Originally, security operative were installed on the port roads by government to ensure sanity through proper control of traffic congestion within Apapa metropolis but the essence is becoming almost defeated as these officers use the opportunity to feather their own nest.

“These multiple checkpoints that came up in the last three years have helped in increasing the rate of corruption in the port system”, Anakebe confirmed.

“Corruption will continue to thrive in our ports if these checkpoints are allowed. It has become very absurd that when a Custom officer releases a container in Apapa, on getting to Area B, which is few meters away, the truck driver will encounter more than three Customs’ checkpoints and the cargo owner must grease their palm before passing,” he disclosed.

When Yemi Osinbajo as Acting President, came to Apapa and gave a 72-hour order to the security agencies to clear the gridlock on roads and bridges in the port city to no avail, all stakeholders, especially the residents and the stakeholders, knew that it would take long before respite came their way.

But disillusioned as they are, all eyes are on Buhari’s Next Level because, until the Senate Committee visited at the weekend to seek solution to the gridlock, nobody seemed to be interested, at all government levels, in Apapa and its choking problems.

“We have more or less resigned to fate in the matters of Apapa; we have been told that things will get better when we get to the next level; even if we have our doubts, we have no choice but to believe them because all stakeholders, except the government which has all the powers, are at the end of their tether in terms of solution to this problem,” lamented a resident who craved anonymity.

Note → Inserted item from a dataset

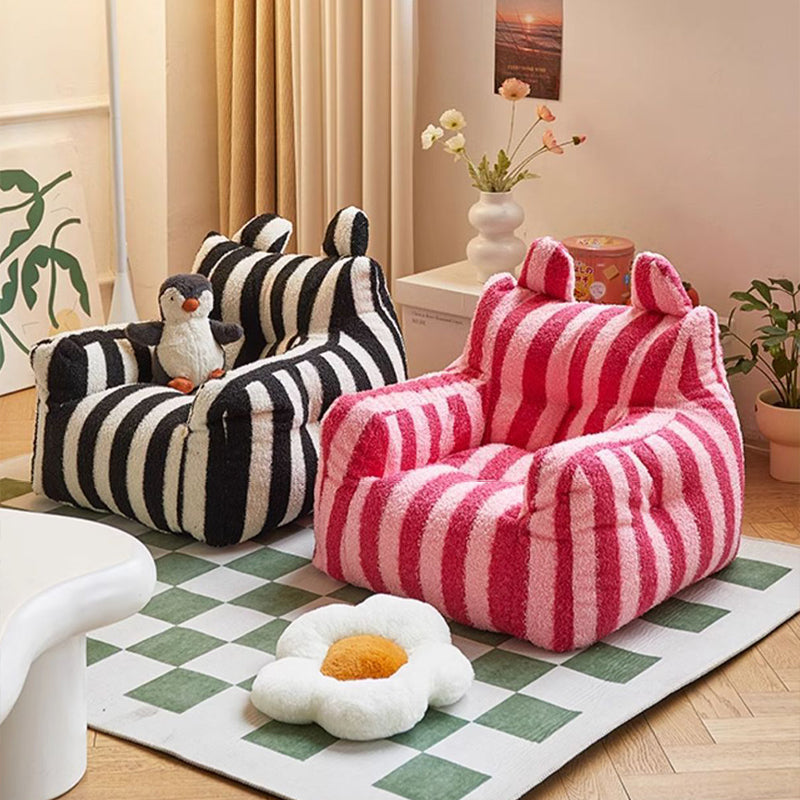 Modern Minimalist Curved Lambswool EPS Accent Chair Backrest Armrest For Living Room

According to him, the Next Level solution to Apapa gridlock should be looking at a whole lot of issues beginning with infrastructure and port access. Expectedly, the new Trailer Park on Apapa-Oshodi Expressway will be completed and opened by month end while the reconstruction of the expressway is underway.

But that will not be all. Though Ayo Vaughan, chairman,  Apapa GRA Resident Association says Apapa master-plan has been distorted, the Next Level approach to the problem should revisit its regeneration strategy which seeks to restore the original structure and feature of the port city.

“Revisiting the original master plan and following it through, just like providing the necessary roads infrastructure, may not be the solution to this problem, but just a part it. The numerous tank farms and indiscriminate building of structures even on rail lines have to be reconsidered with a view to doing away with them,” the anonymous resident said.